## What the task asks
When the line containing "AX136_050 - 5.5K" is found in the data below, copy it and each line after it through the line containing "A set of four", exactly and with no others.

## Short web captions
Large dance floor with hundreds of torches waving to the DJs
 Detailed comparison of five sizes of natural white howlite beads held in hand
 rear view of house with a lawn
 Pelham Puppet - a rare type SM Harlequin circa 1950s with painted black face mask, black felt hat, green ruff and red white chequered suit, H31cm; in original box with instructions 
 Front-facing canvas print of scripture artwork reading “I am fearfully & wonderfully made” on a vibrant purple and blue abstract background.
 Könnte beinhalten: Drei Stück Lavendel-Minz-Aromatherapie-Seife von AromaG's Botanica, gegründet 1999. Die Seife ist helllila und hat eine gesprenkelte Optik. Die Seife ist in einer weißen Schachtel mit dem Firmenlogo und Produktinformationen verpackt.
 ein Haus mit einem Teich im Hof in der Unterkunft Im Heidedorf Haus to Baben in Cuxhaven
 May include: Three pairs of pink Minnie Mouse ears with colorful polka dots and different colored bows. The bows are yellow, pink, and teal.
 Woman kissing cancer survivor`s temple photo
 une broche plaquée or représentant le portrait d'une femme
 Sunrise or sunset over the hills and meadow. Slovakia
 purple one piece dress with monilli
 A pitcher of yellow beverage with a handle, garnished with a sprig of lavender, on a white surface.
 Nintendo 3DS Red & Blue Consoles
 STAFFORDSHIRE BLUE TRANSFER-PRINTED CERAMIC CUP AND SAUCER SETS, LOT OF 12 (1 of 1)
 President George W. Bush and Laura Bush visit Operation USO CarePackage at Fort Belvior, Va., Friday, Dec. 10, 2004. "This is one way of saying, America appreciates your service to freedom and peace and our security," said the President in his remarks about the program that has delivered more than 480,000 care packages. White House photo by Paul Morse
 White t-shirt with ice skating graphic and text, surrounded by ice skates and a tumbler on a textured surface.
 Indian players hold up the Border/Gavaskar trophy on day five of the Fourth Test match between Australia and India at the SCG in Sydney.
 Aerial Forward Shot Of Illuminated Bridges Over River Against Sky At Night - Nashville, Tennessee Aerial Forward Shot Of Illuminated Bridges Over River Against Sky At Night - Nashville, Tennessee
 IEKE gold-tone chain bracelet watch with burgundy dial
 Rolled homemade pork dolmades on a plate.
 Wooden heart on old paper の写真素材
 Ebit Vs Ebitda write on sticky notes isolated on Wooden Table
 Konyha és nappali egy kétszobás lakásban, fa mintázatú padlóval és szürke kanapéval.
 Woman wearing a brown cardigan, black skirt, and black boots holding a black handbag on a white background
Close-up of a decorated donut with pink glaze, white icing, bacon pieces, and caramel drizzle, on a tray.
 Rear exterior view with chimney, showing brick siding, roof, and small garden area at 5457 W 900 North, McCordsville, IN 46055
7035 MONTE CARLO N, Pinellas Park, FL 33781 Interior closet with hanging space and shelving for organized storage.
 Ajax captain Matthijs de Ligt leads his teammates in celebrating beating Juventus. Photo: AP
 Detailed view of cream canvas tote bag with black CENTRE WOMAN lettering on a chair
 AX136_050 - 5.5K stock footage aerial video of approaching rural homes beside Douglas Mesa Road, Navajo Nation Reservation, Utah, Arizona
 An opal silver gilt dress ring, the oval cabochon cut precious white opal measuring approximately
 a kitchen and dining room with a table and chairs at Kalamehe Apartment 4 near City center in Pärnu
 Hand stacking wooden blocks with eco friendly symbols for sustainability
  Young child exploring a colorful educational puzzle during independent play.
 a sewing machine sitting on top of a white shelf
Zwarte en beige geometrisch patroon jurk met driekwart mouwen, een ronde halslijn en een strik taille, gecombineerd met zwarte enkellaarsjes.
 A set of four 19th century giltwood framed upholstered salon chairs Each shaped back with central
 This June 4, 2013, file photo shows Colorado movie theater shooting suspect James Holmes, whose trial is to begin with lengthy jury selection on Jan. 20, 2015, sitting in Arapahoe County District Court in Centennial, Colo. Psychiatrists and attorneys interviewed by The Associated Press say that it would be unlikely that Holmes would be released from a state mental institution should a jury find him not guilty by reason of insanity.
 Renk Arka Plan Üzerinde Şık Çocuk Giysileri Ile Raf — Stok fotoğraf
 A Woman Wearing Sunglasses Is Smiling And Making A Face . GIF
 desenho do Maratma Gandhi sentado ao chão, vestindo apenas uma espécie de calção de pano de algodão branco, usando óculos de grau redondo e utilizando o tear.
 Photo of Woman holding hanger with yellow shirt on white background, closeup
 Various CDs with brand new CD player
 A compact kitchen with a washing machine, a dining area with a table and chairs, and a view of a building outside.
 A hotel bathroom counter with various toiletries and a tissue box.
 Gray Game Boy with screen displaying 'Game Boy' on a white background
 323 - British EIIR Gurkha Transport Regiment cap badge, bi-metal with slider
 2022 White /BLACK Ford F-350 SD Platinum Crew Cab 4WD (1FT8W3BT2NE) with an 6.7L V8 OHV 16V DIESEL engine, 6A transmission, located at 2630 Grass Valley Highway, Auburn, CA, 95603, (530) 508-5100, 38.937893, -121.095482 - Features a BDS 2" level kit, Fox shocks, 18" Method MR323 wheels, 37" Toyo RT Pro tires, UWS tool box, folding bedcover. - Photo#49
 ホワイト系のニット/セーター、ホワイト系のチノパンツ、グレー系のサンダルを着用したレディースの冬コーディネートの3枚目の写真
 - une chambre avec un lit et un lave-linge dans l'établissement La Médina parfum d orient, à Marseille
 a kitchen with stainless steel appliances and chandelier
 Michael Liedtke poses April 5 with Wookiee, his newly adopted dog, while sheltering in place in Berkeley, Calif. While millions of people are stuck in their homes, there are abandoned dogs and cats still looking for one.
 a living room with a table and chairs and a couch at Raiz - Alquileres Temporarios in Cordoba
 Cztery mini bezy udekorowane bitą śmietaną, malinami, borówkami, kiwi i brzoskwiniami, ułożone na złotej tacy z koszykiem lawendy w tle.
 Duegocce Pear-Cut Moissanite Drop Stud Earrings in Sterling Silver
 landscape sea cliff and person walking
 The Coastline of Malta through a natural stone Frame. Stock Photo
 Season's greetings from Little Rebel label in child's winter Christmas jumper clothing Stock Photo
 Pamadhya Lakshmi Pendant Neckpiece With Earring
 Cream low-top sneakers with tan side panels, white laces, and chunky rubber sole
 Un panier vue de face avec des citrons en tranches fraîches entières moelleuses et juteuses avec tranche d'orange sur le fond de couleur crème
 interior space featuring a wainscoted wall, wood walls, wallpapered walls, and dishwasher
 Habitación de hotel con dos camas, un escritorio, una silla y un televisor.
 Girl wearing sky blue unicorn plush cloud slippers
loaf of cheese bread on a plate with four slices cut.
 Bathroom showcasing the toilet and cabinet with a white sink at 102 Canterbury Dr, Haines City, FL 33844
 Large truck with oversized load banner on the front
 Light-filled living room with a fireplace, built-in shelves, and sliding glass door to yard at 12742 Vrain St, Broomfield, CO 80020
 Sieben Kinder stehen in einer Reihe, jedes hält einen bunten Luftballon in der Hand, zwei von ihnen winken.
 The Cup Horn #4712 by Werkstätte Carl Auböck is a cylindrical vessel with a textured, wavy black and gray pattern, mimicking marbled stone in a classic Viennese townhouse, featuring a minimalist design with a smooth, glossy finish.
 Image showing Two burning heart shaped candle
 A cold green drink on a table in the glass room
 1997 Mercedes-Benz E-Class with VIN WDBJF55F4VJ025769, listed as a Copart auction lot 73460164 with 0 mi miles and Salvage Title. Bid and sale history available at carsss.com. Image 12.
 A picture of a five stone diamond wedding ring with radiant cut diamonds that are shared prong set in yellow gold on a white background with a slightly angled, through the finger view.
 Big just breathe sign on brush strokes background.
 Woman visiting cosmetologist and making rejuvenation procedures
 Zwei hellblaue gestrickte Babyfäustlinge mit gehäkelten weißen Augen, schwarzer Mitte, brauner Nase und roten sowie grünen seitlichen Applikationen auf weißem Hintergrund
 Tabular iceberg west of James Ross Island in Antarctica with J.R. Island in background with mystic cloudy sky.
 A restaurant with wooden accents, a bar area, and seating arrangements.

## Problem solution
 AX136_050 - 5.5K stock footage aerial video of approaching rural homes beside Douglas Mesa Road, Navajo Nation Reservation, Utah, Arizona
 An opal silver gilt dress ring, the oval cabochon cut precious white opal measuring approximately
 a kitchen and dining room with a table and chairs at Kalamehe Apartment 4 near City center in Pärnu
 Hand stacking wooden blocks with eco friendly symbols for sustainability
  Young child exploring a colorful educational puzzle during independent play.
 a sewing machine sitting on top of a white shelf
Zwarte en beige geometrisch patroon jurk met driekwart mouwen, een ronde halslijn en een strik taille, gecombineerd met zwarte enkellaarsjes.
 A set of four 19th century giltwood framed upholstered salon chairs Each shaped back with central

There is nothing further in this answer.